* [TASK BRIEF]
Word for word, give the records again, dropping any picture they hold.

* [Saved data entries]
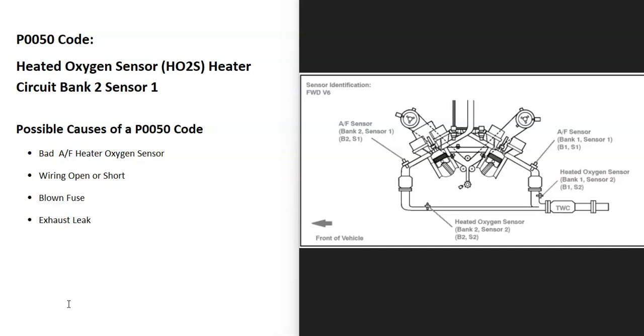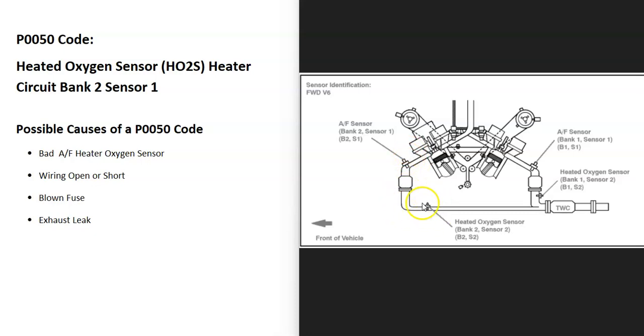For example, this is a 2007 Camry with the 3.5 liter V6. As you can see, bank 2, sensor 1 is going to be right here. Sensor 1 will be before the catalytic converter, and sensor 2 is after the catalytic converter.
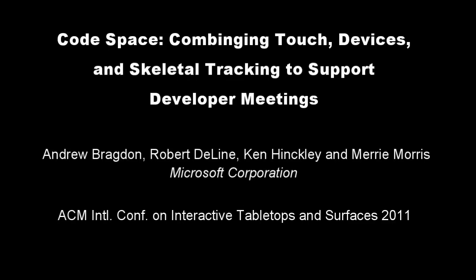We present Codespace, combining touch, devices, and skeletal tracking to support developer meetings.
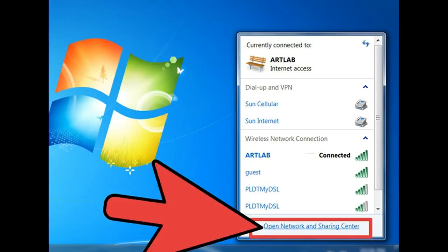How to find your Wi-Fi password when you forget it. Do you need to give your Wi-Fi password to a friend or guest but you can't remember it? Are you locked out of your own network because your device saved and forgot the password? If you need to retrieve your Wi-Fi password, you have a few different options, or you can reset your router and start from scratch.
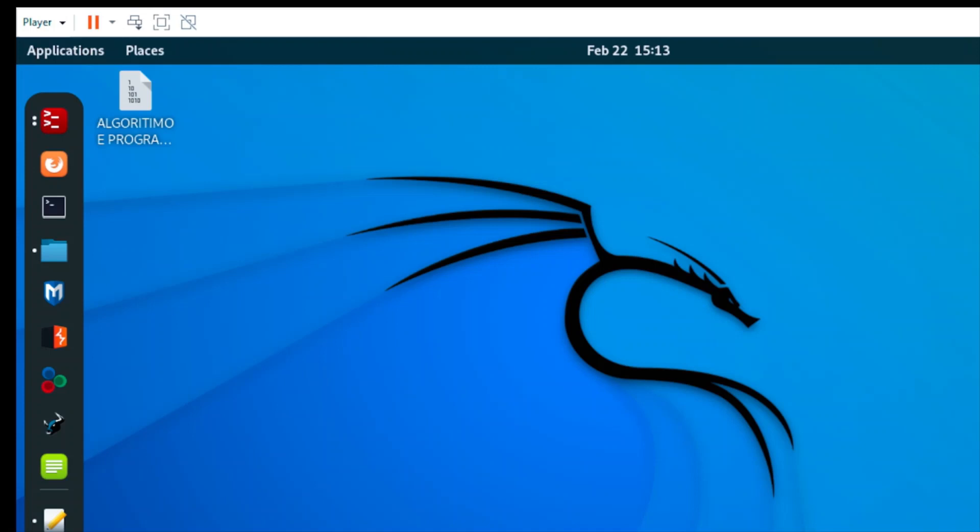Today I'm going to show you how to decrypt a file. I have a file that has been encrypted. If I try to open this file, I cannot open it because it's been encrypted. So now I'm going to decrypt the file. Let's go straight to the point.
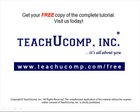Get your free copy of the complete tutorial at www.teachucomp.com/free.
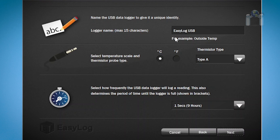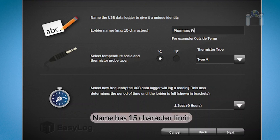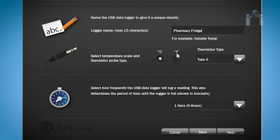The first two options are very easy. Give the data logger a name, and if you want the temperature scale to be Fahrenheit or Celsius. I will change the name to Pharmacy Fridge and change the temperature scale to Fahrenheit. You will also need to make sure the thermistor is set to Type A.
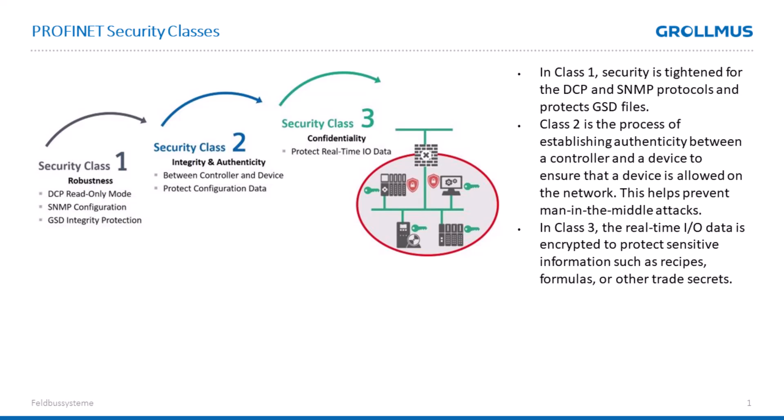In this video, we look at what options you have for your Profinet network secured with security mechanisms.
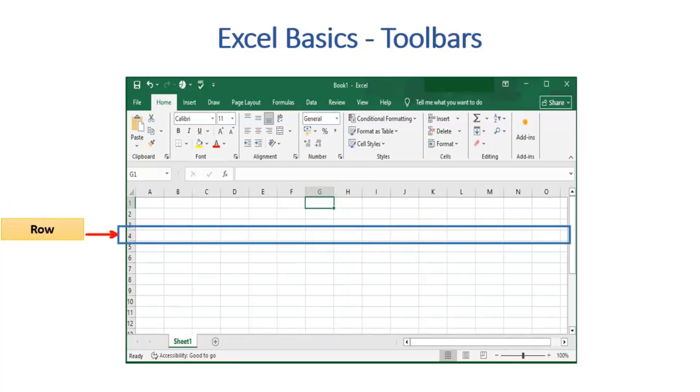Moving to Rows. Rows run horizontally from left to right and are named as 1, 2, 3, etc. In our case, the highlighted part belongs to row 4. The horizontal lines in the Excel sheet define the row.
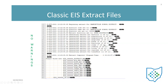It extracts that data and creates output files. On this one, there weren't any warning messages — it did a clean extract, generated the extracts, and created the output file. You'll also notice that it didn't take very long to extract the data.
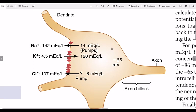Now we have to look at the concentration of ions in our soma. We have three types of ions: sodium, potassium, and chloride. We have to find the source of ions in our external fluid.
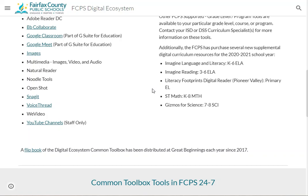For K-8 Math, we will have the program ST Math, which will also be available to high school students enrolled in Algebra Readiness for ELs. It's a supplemental resource to provide concept-based individualized practice and feedback through problem solving.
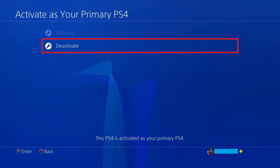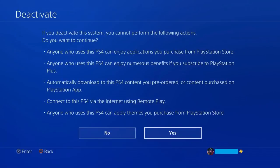Step 5: Click Deactivate on this screen. A Deactivate screen is displayed letting you know what you and others who use this PlayStation 4 won't be able to do if you move forward with deactivating this PS4. Step 6: Review this list to confirm this is what you want to do, and then click Yes to move forward.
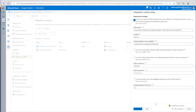This is what I wanted to show in this demo. In the next demo, we will see how we can run an SSIS package inside Azure Data Factory or Azure Synapse Analytics. Thank you.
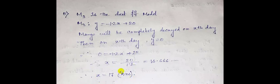So on 17th day the given mango will completely decay.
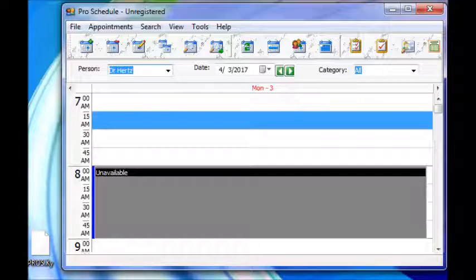The first step to register the software is to save the key sent from the email onto a folder somewhere. In this case, we saved it onto the desktop.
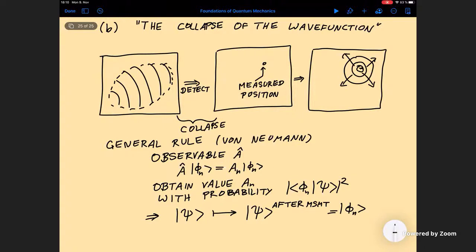Technically this describes most measurements, maybe with the exception of measurements where you do not learn complete information — where there is remaining uncertainty about which eigenvalue you actually measured. These are called weak measurements and we will discuss them later, but technically this is the basis for basically all of the theory of measurements.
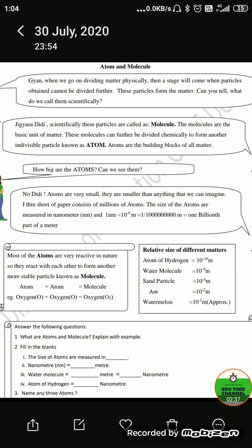How big are atoms? Can we see atoms? Gyaan said: no, atoms are very small — smaller than anything we can imagine. A thin sheet of paper consists of millions of atoms. The size of atoms is measured in nanometers.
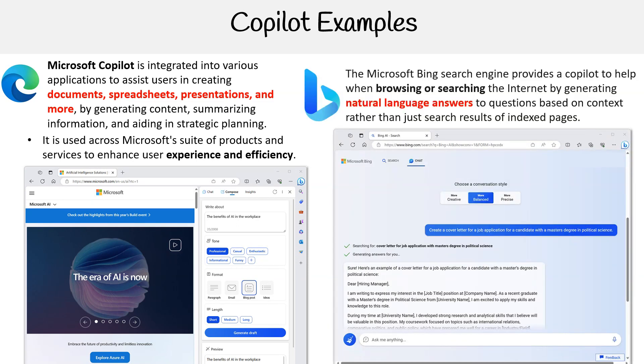Next we have the Microsoft Bing search engine, which has an integrated copilot to help users when browsing or searching the internet by generating natural language answers to questions, understanding the context of the questions, and providing a richer and more intuitive search experience.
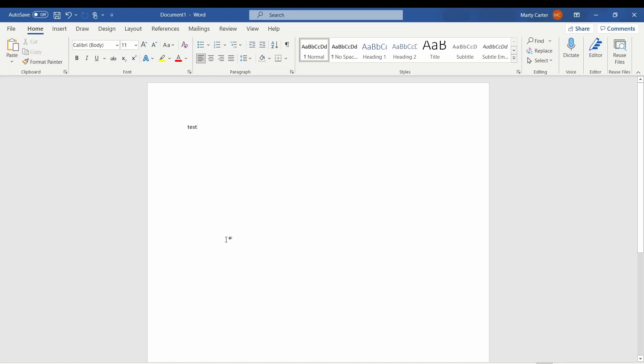Hi, this is Marty Carter with Sumner One Service. Today we're going to talk about printing using the print driver for the Kyocera Task Alpha series.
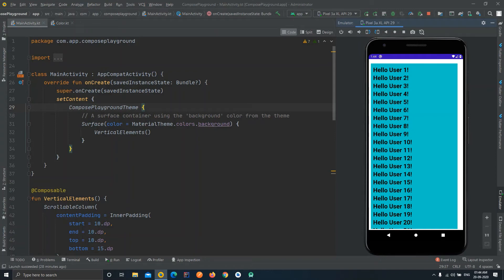Welcome to another video of the Jetpack Compose tutorial series. In this video we are going to learn about a new UI component — Stack. As an Android developer you must have used some overlaying layout where you can overlay items over one another. A basic example is FrameLayout, and this can also be achieved using RelativeLayout and ConstraintLayout.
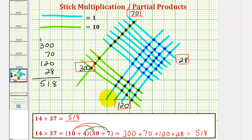So not only does stick multiplication give us a nice visual for multiplication, it also demonstrates the partial products of a given product. I hope you found this helpful.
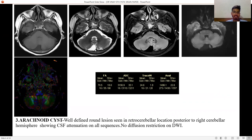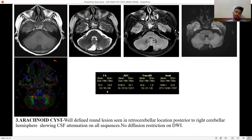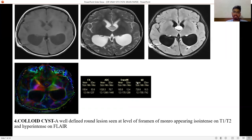Third is arachnoid cyst — a well-defined extra-axial round lesion seen in the retrocerebellar location, posterior to the right cerebellar hemisphere, showing CSF attenuation on all sequences. No diffusion restriction is seen on DWI. ADC value is highest here because it is of CSF density, so movement of water molecules is unrestricted.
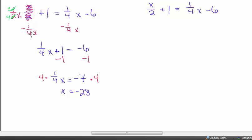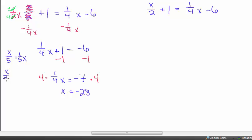Remember: any time we have a variable over a number, that's the same as 1 over that number times the variable. So x over 5 is the same as 1 fifth x, and x over 9 is the same as 1 ninth x.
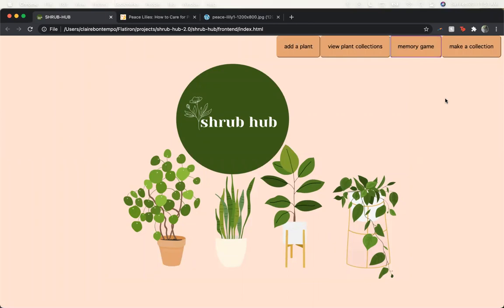Hi, my name is Claire Bontempo and this is Shrubhub. It is a single page application that utilizes JavaScript and a Rails API on the back end to store all the plant information.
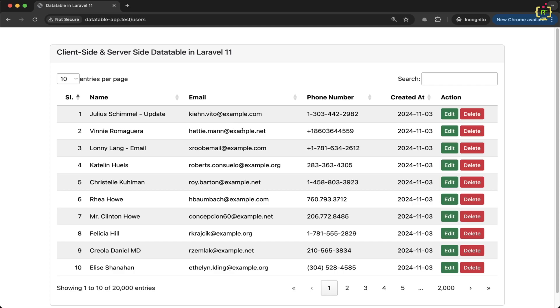Hey everyone, welcome back to Programming Fields. I am Omesh Rana and today I am back with another interesting tutorial in our data table playlist using the Yazra package.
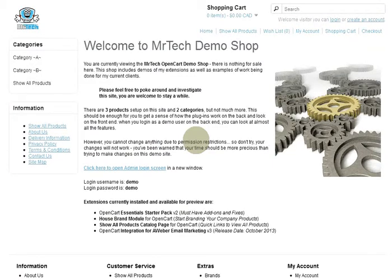Hello, this is the demo video for the Mr. Tech Show All Products Catalog Page. It's really easy — you upload it and it starts working. There's no configuration, nothing to do. It just starts working and simply adds a new page to your site that shows all the products.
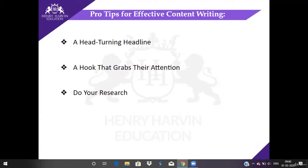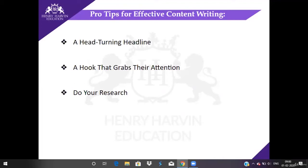The first three seconds let readers decide if they would really be interested in sticking on to this particular piece, or head back and go on to your competitors — people who have alternate or similar content to yours. So you do not want your competitors to have more traffic than you, which means you need to have a hook that grabs their attention.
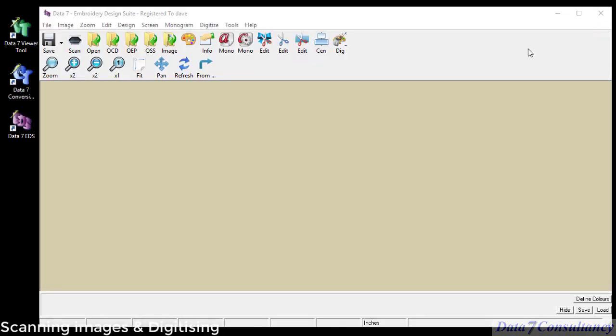Hi and welcome to Data 7 Embroidery Products. In this video I'm going to show you how to use the scanning feature built into the EDS and we'll do just a little bit of digitizing on top of the image.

* [TASK RESULT]
For example, this is a 2007 Camry with the 3.5 liter V6. As you can see, bank 2, sensor 1 is going to be right here. Sensor 1 will be before the catalytic converter, and sensor 2 is after the catalytic converter.
We present Codespace, combining touch, devices, and skeletal tracking to support developer meetings.
How to find your Wi-Fi password when you forget it. Do you need to give your Wi-Fi password to a friend or guest but you can't remember it? Are you locked out of your own network because your device saved and forgot the password? If you need to retrieve your Wi-Fi password, you have a few different options, or you can reset your router and start from scratch.
Today I'm going to show you how to decrypt a file. I have a file that has been encrypted. If I try to open this file, I cannot open it because it's been encrypted. So now I'm going to decrypt the file. Let's go straight to the point.
Get your free copy of the complete tutorial at www.teachucomp.com/free.
The first two options are very easy. Give the data logger a name, and if you want the temperature scale to be Fahrenheit or Celsius. I will change the name to Pharmacy Fridge and change the temperature scale to Fahrenheit. You will also need to make sure the thermistor is set to Type A.
In this video, we look at what options you have for your Profinet network secured with security mechanisms.
Moving to Rows. Rows run horizontally from left to right and are named as 1, 2, 3, etc. In our case, the highlighted part belongs to row 4. The horizontal lines in the Excel sheet define the row.
It extracts that data and creates output files. On this one, there weren't any warning messages — it did a clean extract, generated the extracts, and created the output file. You'll also notice that it didn't take very long to extract the data.
Now we have to look at the concentration of ions in our soma. We have three types of ions: sodium, potassium, and chloride. We have to find the source of ions in our external fluid.
For K-8 Math, we will have the program ST Math, which will also be available to high school students enrolled in Algebra Readiness for ELs. It's a supplemental resource to provide concept-based individualized practice and feedback through problem solving.
Step 5: Click Deactivate on this screen. A Deactivate screen is displayed letting you know what you and others who use this PlayStation 4 won't be able to do if you move forward with deactivating this PS4. Step 6: Review this list to confirm this is what you want to do, and then click Yes to move forward.
This is what I wanted to show in this demo. In the next demo, we will see how we can run an SSIS package inside Azure Data Factory or Azure Synapse Analytics. Thank you.
So on 17th day the given mango will completely decay.
The first step to register the software is to save the key sent from the email onto a folder somewhere. In this case, we saved it onto the desktop.
Technically this describes most measurements, maybe with the exception of measurements where you do not learn complete information — where there is remaining uncertainty about which eigenvalue you actually measured. These are called weak measurements and we will discuss them later, but technically this is the basis for basically all of the theory of measurements.
How big are atoms? Can we see atoms? Gyaan said: no, atoms are very small — smaller than anything we can imagine. A thin sheet of paper consists of millions of atoms. The size of atoms is measured in nanometers.
Next we have the Microsoft Bing search engine, which has an integrated copilot to help users when browsing or searching the internet by generating natural language answers to questions, understanding the context of the questions, and providing a richer and more intuitive search experience.
Hi, this is Marty Carter with Sumner One Service. Today we're going to talk about printing using the print driver for the Kyocera Task Alpha series.
Welcome to another video of the Jetpack Compose tutorial series. In this video we are going to learn about a new UI component — Stack. As an Android developer you must have used some overlaying layout where you can overlay items over one another. A basic example is FrameLayout, and this can also be achieved using RelativeLayout and ConstraintLayout.
So not only does stick multiplication give us a nice visual for multiplication, it also demonstrates the partial products of a given product. I hope you found this helpful.
Third is arachnoid cyst — a well-defined extra-axial round lesion seen in the retrocerebellar location, posterior to the right cerebellar hemisphere, showing CSF attenuation on all sequences. No diffusion restriction is seen on DWI. ADC value is highest here because it is of CSF density, so movement of water molecules is unrestricted.
Remember: any time we have a variable over a number, that's the same as 1 over that number times the variable. So x over 5 is the same as 1 fifth x, and x over 9 is the same as 1 ninth x.
Hi, my name is Claire Bontempo and this is Shrubhub. It is a single page application that utilizes JavaScript and a Rails API on the back end to store all the plant information.
Hey everyone, welcome back to Programming Fields. I am Omesh Rana and today I am back with another interesting tutorial in our data table playlist using the Yazra package.
Hello, this is the demo video for the Mr. Tech Show All Products Catalog Page. It's really easy — you upload it and it starts working. There's no configuration, nothing to do. It just starts working and simply adds a new page to your site that shows all the products.
The first three seconds let readers decide if they would really be interested in sticking on to this particular piece, or head back and go on to your competitors — people who have alternate or similar content to yours. So you do not want your competitors to have more traffic than you, which means you need to have a hook that grabs their attention.
Hi and welcome to Data 7 Embroidery Products. In this video I'm going to show you how to use the scanning feature built into the EDS and we'll do just a little bit of digitizing on top of the image.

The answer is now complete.